The list includes two xDedic administrators, Pavlo Kharmanskyi, a Ukrainian man who was arrested while trying to enter the US, and Alexandru Habasescu, of Moldovan nationality, who was arrested in the Spanish Canary Islands in 2022.
Kharmanskyi and Habasescu were sentenced to 30- and 41-months’ imprisonment, respectively.
Russian national Dariy Pankov and Nigerian national Allen Levinson were also among the people charged.
The US government described Pankov as the developer of the NLBrute malware and as “one of the highest sellers on the Marketplace by volume, listing for sale the credentials of more than 35,000 compromised servers located all over the world and obtaining more than $350,000 in illicit proceeds.” He was sentenced to 60 months in federal prison.
Meanwhile, Levinson is “a prolific buyer on the Marketplace who was interested in purchasing access to US-based Certified Public Accounting firms.” He was taken into custody in the UK in 2020 and extradited to the US. Levinson has been sentenced to 78 months in jail.
The rest of the list counts cybercriminals from Ukraine, Nigeria the UK and several US nationals.
Of those, 11 have received sentences from 5 years’ probation to 78 months in jail.

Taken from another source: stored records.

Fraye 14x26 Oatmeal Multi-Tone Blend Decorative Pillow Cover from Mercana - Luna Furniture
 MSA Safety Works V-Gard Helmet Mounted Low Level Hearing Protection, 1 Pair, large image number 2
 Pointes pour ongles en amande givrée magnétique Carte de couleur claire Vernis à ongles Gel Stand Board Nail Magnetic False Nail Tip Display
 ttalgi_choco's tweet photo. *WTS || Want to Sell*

Five individuals are still awaiting their sentences.
Two additional suspects could be extradited from the UK to the US for charges of conspiracy to commit wire fraud and aggravated identity theft.
What Was the xDedic Dark Web Marketplace?
The xDedic dark web marketplace was first discovered in 2016 when Kaspersky Lab was tipped off by a European Internet service provider (ISP).
The security vendor claimed that the marketplace had been active since at least 2014 and provided a platform for trade log-ins to as many as 70,000 corporate and government servers, starting at just $6 per log-in.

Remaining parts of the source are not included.